-- PROVIDED ENTRIES follows --
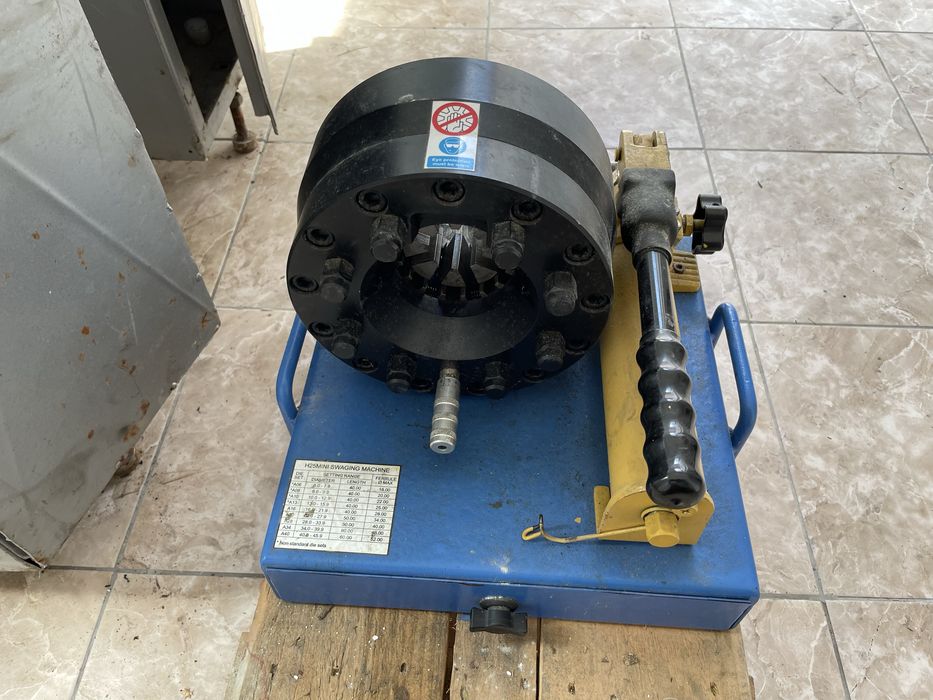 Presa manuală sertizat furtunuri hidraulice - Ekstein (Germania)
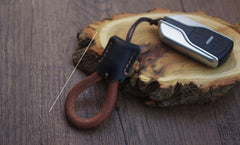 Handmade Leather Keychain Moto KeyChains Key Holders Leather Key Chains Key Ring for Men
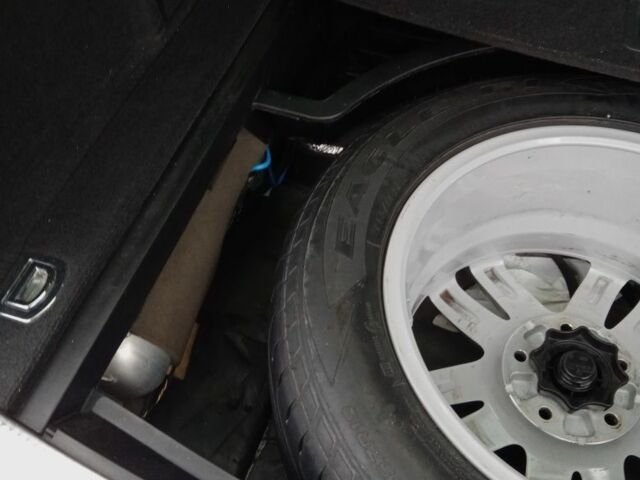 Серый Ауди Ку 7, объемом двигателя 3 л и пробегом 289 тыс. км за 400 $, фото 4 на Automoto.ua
-- PROVIDED ENTRIES concluded --
-- PROVIDED ENTRIES follows --
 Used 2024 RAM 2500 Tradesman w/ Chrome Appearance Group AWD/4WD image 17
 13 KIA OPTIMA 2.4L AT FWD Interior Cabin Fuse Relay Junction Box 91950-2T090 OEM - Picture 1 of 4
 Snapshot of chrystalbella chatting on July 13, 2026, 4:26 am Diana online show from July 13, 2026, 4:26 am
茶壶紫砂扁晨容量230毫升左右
-- PROVIDED ENTRIES concluded --
## TASK BRIEF
Using the entries above, reproduce word for word only the lines from the one that contains "Presa manuală sertizat" to the one that contains "Серый Ауди Ку", both ends included, and drop every picture.

## SOLUTION TO THE PROBLEM
 Presa manuală sertizat furtunuri hidraulice - Ekstein (Germania)
 Handmade Leather Keychain Moto KeyChains Key Holders Leather Key Chains Key Ring for Men
 Серый Ауди Ку 7, объемом двигателя 3 л и пробегом 289 тыс. км за 400 $, фото 4 на Automoto.ua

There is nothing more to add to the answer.